The following demonstrates calculation of some common descriptive statistics, which includes mean, trimmed mean, weighted mean, weighted median, sample standard deviation, interquartile range (IQR) and median absolute deviation from the median (MAD).

We import the data as a pandas dataframe as the pandas dataframe methods, that is the `.method()`, can easily provide the mean, median, sample standard deviation and quantiles.
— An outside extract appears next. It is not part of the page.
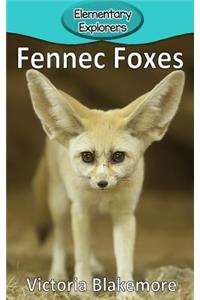 Fennec Foxes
For trimmed mean, we need to use the `trim_mean` function in `scipy.stats`. For weighted mean, we use `average` function in `NumPy`. For weighted median, we use the specialized package `wquantiles`. And for MAD, we need the `robust` module in the package `statsmodels`.

Firstly, we need to install the `wquantiles` package as this is not included in the base Colab environment.

In [None]:
# Install the package "wquantiles"
!pip install wquantiles

Looking in indexes: https://pypi.org/simple, https://us-python.pkg.dev/colab-wheels/public/simple/
Collecting wquantiles
  Downloading wquantiles-0.6-py3-none-any.whl (3.3 kB)
Installing collected packages: wquantiles
Successfully installed wquantiles-0.6


We now import the necessary packages:

In [None]:
# Import necessary packages
import pandas as pd
import numpy as np
import scipy.stats
import wquantiles
from statsmodels import robust

We now load the data as a pandas dataframe:

In [None]:
# Load the dataset as pandas dataframe
link = "https://raw.githubusercontent.com/stevenkhwun/P4DS/main/Data/state.csv"
state = pd.read_csv(link)
state.head()

Unnamed: 0,State,Population,Murder.Rate,Abbreviation
0,Alabama,4779736,5.7,AL
1,Alaska,710231,5.6,AK
2,Arizona,6392017,4.7,AZ
3,Arkansas,2915918,5.6,AR
4,California,37253956,4.4,CA


## Mean

In [None]:
# Mean by pandas dataframe method
state['Population'].mean()

6162876.3

## Trimmed mean

In [None]:
# Trimmed mean using the scipy.stats package
scipy.stats.trim_mean(state['Population'], 0.1)

4783697.125

## Median

In [None]:
# Median by pandas dataframe method
state['Population'].median()

4436369.5

## Weighted mean

In [None]:
# Weighted mean by average function in NumPy
np.average(state['Murder.Rate'], weights=state['Population'])

4.445833981123393

## Weighted median

In [None]:
# Weighted median by median function in wquantiles
wquantiles.median(state['Murder.Rate'], weights=state['Population'])

4.4

## Standard deviation

Note that the result is a sample standard deviation.

In [None]:
# Sample standard deviation by pandas datafram method
state['Population'].std()

6848235.347401142

In [None]:
data = [2, 9, 12, 19, 86]
datadf = pd.DataFrame (data)
datadf.std()

0    34.311806
dtype: float64

## Interquartile range (IQR)

In [None]:
# Interquartile range (IQR) by pandas dataframe method
state['Population'].quantile(0.75) - state['Population'].quantile(0.25)

4847308.0

## Absolute deviation from the median (MAD)

In [None]:
# MAD by robust function in statsmodels package
robust.mad(state['Population'])

3849876.1459979336

# Built-in functions for descriptive statistics

## Maximum function `max()` and minimun function `min()`

These functions can be apply to tuples, lists and pandas dataframe.

In [None]:
# Maximun function max() apply to a tuple
max(36, 27, 12)

36

In [None]:
# Minimum function min() apply to a list
min([36, 27, 12])

12

In [None]:
# Maximun function max() apply to a pandas dataframe
max(state['Population'])

37253956

## `sum()` and `len()`

The Python’s built-in function `sum()` is an efficient way to sum a list of numeric values.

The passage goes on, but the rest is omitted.